Exercise brief: Print this span of the material below exactly: the line with "N8723 1207th St, River", the line with "Nghiên cứu viên", and every line between them, but nothing else.
### Entries supplied ###
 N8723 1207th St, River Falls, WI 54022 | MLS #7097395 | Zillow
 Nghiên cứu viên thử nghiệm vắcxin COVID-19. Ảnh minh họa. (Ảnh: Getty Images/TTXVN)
###
### Entries supplied ###
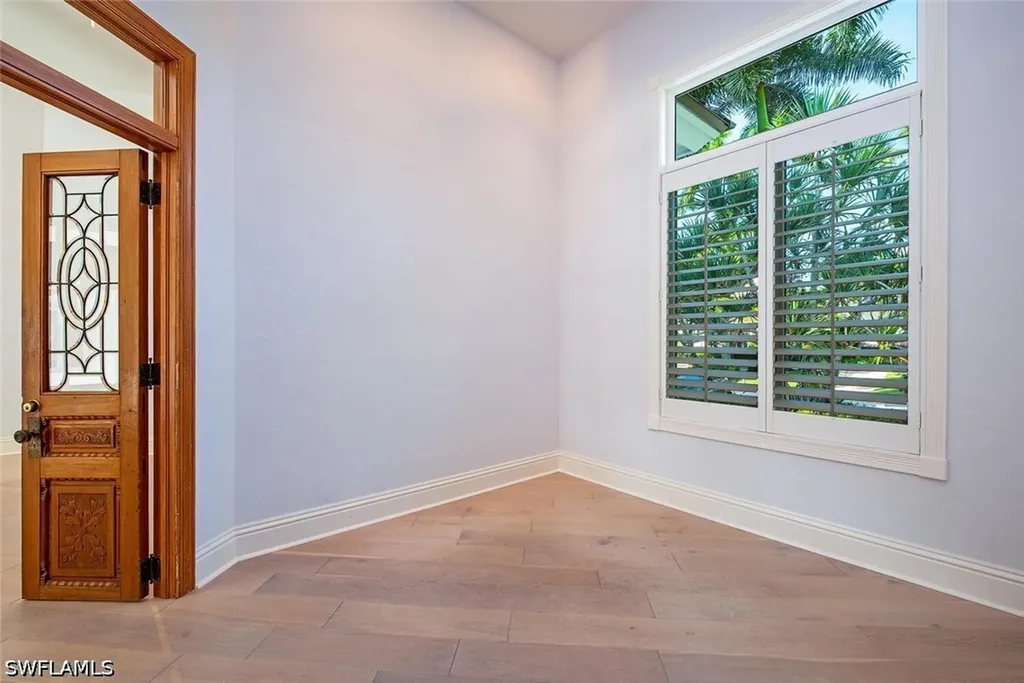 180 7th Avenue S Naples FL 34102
###
Output:
 N8723 1207th St, River Falls, WI 54022 | MLS #7097395 | Zillow
 Nghiên cứu viên thử nghiệm vắcxin COVID-19. Ảnh minh họa. (Ảnh: Getty Images/TTXVN)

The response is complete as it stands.